I don't really classify myself, except as a fat, bald guy who likes cheeseburgers and Merlot... and I HATE berets! Does that help?


----------



## o hey tyler (Jan 28, 2013)

Considering I'm a beret wearing commie pinko... I'll have to go with that one.


----------



## PixelRabbit (Jan 28, 2013)

This is destined to degenerate into an argument that can be boiled down to semantics.
I shall answer before that occurs.
Yes, I consider myself an artist and photography is my chosen medium.


----------



## gsgary (Jan 28, 2013)

Yes piss artist  might be called something different in US


----------



## amolitor (Jan 28, 2013)

If you call yourself an artist, but also wear a beret, you probably are not. You're probably a poseur.

Yeah, I'm an artist. I even make art sometimes.


----------



## runnah (Jan 28, 2013)

amolitor said:


> Yeah, I'm an artist. I even make art sometimes.



There's the nubb. I create 8hrs a day but I wouldn't consider it art. It's all well done and visually appealing, but not art. 

I do maybe 2hrs a week of "art" outside of work.


----------



## amolitor (Jan 28, 2013)

Yeah. You gotta figure out what the heck art *is* for one thing. Once I sorted that out well enough to suit myself, I started to get someplace. Turns out that most of what I do pretty much fails, but very now and then something hits and it's pretty good.


----------



## Demers18 (Jan 28, 2013)

PixelRabbit said:
			
		

> .
> Yes, I consider myself an artist and photography is my chosen medium.



I think you nailed the description quite nicely Judy. That is precisely how I would categorize myself.


----------



## runnah (Jan 28, 2013)

amolitor said:


> Yeah. You gotta figure out what the heck art *is* for one thing.



Therein lies the crux of my failed topic. What art is and who defines it.


----------



## amolitor (Jan 28, 2013)

If you're wondering if you're an artist or not, you get to define what art is for yourself. Then ask yourself if that's what you're doing.
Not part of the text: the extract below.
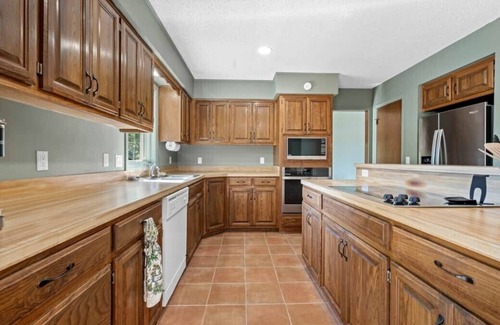 Hot Springs Village House | 19 LaCanada Way - Spacious Lake Segovia home on one level with garage in Hot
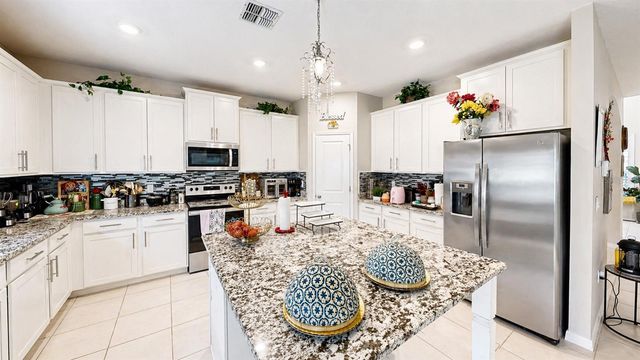 472 6TH AVENUE NW, Ruskin, FL 33570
I've known people who felt that art was in all things they did, their work, their food, the way the cooked, ate, lived, and existed in the world. They're artists! And, arguably, Buddhists.


----------



## cgipson1 (Jan 28, 2013)

Art is a nicely done Bacon Cheeseburger, of course!   

And sometimes a towel, depending on what universe you are in....


----------



## Designer (Jan 28, 2013)

In before the thread is locked!

YEAHHHA!


----------



## runnah (Jan 28, 2013)

Maybe I should stick to commenting...


----------



## KmH (Jan 28, 2013)

It depends on how the photo turned out.

If everyone that sees it ohs and ahs, I'm an artist.


----------



## rexbobcat (Jan 28, 2013)

I am not an artist. I wish I was, but I instinctively roll my eyes at most fine art photography.

All of the technicalities of photography are for the sellouts after all. lol


----------



## TCampbell (Jan 28, 2013)

I'm a drinker... with a camera.    I don't own any berets.  

Also I'd like to point out that if you drink _enough_ then it's easier to talk at length about the "deep" meaning of a photo of a white wall.  ;-)


----------



## e.rose (Jan 28, 2013)

Yes.

And I drink wine.

But I drink my wine out of stemless glasses.  Or OJ glasses when I run out of the 2 wine glasses that we own.  Or solo cups.  As a last resort.  And my wine usually costs less than $10 a bottle. And I buy it based on alcohol content.  

I think anyone who creates art ... is an artist.  The type of person you're describing is called, "Pretentious a$$hole".

There are some of them here, on this very forum, in fact.  ...Although they may not dress exactly as you describe, but all the other personality-related symptoms are there.


----------



## Majeed Badizadegan (Jan 28, 2013)

Runnah, thx for including bacon in your poll. 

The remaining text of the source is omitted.